Running experiments with gnnbench

General structure

Performing experiments with gnnbench consists of four steps:

  1. Define configuration of the experiments using YAML files.

  2. Create jobs. Based on the configuration files defined in the previous step, a list of jobs to be performed is created and saved to the database. Each job is represented as a record in the MongoDB database.

  3. Spawn worker threads. Each thread retrieves one job from the database at a time and runs it.

  4. Retrieve results. The results are retrieved from the database, aggregated and stored in CSV format.

Configuring experiments

The framework supports two types of experiments:

  • Fixed configurations: All models have a fixed predefined configuration (i.e. hyperparameter settings). Each model is run on each dataset for the given number of train/validation/test splits and random weight initializations. See config/fixed_config.conf.yaml for an example. Default base configuration shared across all models is located in config/train.conf.yaml.

    The fixed model-specific configuration for each model is defined in a respective YAML file (see configs/optimized/gcn.conf.yaml for an example) and may override the defaults from config/train.conf.yaml. We provide two types of configuration files.

    1. Configurations corresponding to parameters used in the reference implementations are provided in config/reference/.
    2. Optimized configurations that we found using hyperparameter search are provided in the folder config/optimized/.
  • Hyperparameter search: For each model, we define a search space over which random hyperparameter search is performed. Each model is run on each dataset for the given number of train/validation/test splits and random weight initializations. See hyperparameter_search.conf.yaml for an example.

    Like before, default configurations for all models are provided in config/train.conf.yaml. Model-specific parameters (e.g. from configs/optimized/gcn.conf.yaml) override the default configurations. Finally, parameters sampled from the search space override the model specific parameters. To summarize, ordered from the highest priority to the lowest priority:

    1. Search parameters (sampled from e.g. config/searchspace/gcn.searchspace.yaml).
    2. Model-specific parameters (e.g. from config/optimized/gcn.conf.yaml).
    3. Default parameters (from config/train.conf.yaml).

Creating jobs

Use the scripts/create_jobs.py script to generate jobs (represented by records in the pending database) based on the YAML configuration file. The script should be called as

python create_jobs.py -c CONFIG_FILE --op {fixed,search,status,clear,reset}

The -c CONFIG_FILE argument contains the path to the YAML file defining the experiment.

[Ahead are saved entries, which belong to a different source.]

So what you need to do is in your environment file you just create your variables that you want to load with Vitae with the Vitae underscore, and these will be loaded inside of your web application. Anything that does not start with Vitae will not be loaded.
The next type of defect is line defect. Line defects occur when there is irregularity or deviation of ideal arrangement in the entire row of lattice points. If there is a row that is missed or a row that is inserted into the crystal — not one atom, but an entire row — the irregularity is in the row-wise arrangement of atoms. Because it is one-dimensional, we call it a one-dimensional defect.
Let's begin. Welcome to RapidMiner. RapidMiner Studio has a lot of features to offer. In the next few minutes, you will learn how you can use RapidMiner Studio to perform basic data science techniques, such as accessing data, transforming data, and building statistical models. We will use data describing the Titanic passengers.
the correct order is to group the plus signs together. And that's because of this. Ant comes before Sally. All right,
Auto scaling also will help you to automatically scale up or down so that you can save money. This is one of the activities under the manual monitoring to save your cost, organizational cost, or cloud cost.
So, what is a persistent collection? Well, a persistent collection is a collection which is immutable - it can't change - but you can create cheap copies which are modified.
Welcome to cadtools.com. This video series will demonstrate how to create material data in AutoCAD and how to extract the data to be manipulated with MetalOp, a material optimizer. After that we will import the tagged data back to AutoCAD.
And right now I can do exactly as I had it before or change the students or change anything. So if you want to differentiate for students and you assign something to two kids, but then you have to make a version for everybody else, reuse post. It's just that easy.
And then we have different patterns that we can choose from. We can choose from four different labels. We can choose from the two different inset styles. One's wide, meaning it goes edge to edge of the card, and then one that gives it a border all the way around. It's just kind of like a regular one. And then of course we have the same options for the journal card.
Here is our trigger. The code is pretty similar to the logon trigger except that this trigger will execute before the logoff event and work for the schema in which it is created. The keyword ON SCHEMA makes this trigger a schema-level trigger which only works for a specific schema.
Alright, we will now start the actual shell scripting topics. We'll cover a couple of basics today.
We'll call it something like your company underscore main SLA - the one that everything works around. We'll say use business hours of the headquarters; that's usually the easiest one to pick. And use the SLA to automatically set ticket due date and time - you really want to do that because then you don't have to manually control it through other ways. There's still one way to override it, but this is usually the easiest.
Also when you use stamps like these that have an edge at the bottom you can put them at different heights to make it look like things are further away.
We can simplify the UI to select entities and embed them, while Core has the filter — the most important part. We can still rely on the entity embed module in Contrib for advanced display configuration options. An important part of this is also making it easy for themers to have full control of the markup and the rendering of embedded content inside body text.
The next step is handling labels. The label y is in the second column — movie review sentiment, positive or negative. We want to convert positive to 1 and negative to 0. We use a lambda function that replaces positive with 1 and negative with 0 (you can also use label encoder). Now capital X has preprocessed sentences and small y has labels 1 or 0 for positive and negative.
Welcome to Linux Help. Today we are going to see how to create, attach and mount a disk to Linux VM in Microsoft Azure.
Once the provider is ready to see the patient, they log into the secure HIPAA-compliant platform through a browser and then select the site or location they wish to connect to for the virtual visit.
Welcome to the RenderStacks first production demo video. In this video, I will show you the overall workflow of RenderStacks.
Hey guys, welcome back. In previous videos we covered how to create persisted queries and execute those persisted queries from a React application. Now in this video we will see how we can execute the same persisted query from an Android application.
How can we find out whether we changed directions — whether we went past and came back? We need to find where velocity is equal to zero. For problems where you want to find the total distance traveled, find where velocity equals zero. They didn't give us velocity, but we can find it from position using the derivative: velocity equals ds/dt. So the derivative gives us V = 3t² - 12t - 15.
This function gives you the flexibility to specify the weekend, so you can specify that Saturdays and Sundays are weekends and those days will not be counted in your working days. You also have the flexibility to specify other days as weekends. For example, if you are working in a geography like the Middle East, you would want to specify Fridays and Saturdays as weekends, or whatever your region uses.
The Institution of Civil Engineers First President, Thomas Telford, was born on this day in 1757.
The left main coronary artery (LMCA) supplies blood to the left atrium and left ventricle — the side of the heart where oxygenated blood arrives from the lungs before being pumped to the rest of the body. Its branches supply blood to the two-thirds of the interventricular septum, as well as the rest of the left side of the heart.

You can perform different operations by passing different options to the --op argument.

  • --op fixed generates jobs for a fixed configurations experiment. Example usage:
python scripts/create_jobs.py -c config/fixed_configs.conf.yaml --op fixed
  • --op search generates jobs for a hyperparameter search experiment. Example usage:
python scripts/create_jobs.py -c config/hyperparameter_search.conf.yaml --op search
  • --op status displays the status of the jobs in the pending database
  • --op reset allows to reset the running status of all jobs. This is necessary in case some jobs crashed and need to be restarted.
  • --op clear removes all the pending jobs from the database.

Running jobs

You can run jobs by spawning worker threads with scripts/spawn_worker.py. The script works by retrieving pending jobs (i.e. records) from the pending database and executing them in a subprocess. Example usage

python scripts/spawn_worker.py -c configs/fixed_configs.conf.yaml --gpu 0

You can run experiments on multiple GPUs in parallel by spawning multiple workers (e.g. using separate tmux sessions or panes) and passing different values for the --gpu parameter. In theory, it should be possible to run multiple workers on a single GPU, but we haven't tested that and cannot guarantee that it will work.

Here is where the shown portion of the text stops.